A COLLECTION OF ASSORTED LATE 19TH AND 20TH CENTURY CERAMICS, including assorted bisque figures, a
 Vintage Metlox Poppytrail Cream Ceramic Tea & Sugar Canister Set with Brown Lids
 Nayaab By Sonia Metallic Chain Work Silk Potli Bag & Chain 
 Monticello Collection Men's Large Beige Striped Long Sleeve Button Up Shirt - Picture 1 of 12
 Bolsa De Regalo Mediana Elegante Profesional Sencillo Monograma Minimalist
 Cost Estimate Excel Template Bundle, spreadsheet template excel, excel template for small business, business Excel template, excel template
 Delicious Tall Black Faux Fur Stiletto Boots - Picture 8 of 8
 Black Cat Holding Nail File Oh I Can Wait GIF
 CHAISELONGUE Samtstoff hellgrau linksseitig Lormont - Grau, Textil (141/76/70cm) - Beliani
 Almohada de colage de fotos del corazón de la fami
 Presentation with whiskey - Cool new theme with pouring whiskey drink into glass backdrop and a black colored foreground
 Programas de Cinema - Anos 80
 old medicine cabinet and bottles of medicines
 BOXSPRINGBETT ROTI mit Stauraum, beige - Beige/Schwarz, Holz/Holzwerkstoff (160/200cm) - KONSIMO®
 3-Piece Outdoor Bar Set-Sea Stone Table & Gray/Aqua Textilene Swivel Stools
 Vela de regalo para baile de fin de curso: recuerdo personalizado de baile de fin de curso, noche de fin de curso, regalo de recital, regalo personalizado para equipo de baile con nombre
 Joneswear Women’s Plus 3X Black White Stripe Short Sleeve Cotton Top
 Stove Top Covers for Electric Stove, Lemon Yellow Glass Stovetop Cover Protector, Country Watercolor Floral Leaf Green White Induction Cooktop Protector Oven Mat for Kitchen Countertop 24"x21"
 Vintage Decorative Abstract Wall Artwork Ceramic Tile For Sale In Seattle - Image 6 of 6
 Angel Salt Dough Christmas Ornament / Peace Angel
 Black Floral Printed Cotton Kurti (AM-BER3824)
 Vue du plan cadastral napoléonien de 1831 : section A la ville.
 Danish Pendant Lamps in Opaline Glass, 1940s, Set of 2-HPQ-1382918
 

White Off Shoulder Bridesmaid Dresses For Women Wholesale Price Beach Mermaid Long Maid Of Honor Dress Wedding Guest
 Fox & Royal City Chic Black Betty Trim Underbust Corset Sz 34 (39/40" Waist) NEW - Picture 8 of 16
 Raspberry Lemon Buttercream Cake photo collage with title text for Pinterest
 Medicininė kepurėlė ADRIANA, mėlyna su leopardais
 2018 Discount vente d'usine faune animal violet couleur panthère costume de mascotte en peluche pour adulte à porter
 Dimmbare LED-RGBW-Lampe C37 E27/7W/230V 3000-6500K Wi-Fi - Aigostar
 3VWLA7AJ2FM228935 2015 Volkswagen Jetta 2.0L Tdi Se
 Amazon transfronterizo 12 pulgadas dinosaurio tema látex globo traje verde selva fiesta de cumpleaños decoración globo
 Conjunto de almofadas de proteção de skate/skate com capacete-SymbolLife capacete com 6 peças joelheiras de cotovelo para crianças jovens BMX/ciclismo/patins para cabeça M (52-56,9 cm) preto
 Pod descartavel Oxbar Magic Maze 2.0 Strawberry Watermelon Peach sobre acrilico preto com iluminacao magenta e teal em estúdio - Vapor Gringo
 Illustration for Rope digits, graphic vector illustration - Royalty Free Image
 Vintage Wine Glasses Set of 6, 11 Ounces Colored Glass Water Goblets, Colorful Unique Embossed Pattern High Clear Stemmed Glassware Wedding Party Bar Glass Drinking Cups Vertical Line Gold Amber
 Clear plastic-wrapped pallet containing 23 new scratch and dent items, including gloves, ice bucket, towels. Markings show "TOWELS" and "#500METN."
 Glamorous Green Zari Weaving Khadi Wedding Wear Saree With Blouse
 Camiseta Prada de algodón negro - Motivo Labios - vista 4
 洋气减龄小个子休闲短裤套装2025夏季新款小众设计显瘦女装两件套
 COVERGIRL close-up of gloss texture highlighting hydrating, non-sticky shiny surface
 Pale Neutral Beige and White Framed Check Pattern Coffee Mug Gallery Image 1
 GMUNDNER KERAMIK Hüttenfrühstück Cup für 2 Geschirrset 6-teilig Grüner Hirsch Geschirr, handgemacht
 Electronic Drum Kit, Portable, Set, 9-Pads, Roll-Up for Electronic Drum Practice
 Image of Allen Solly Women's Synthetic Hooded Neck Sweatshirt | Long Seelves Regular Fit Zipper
□ □ □
Problem
Where a line in the material contains "Women", copy that line.

Solution
 Joneswear Women’s Plus 3X Black White Stripe Short Sleeve Cotton Top
White Off Shoulder Bridesmaid Dresses For Women Wholesale Price Beach Mermaid Long Maid Of Honor Dress Wedding Guest
 Image of Allen Solly Women's Synthetic Hooded Neck Sweatshirt | Long Seelves Regular Fit Zipper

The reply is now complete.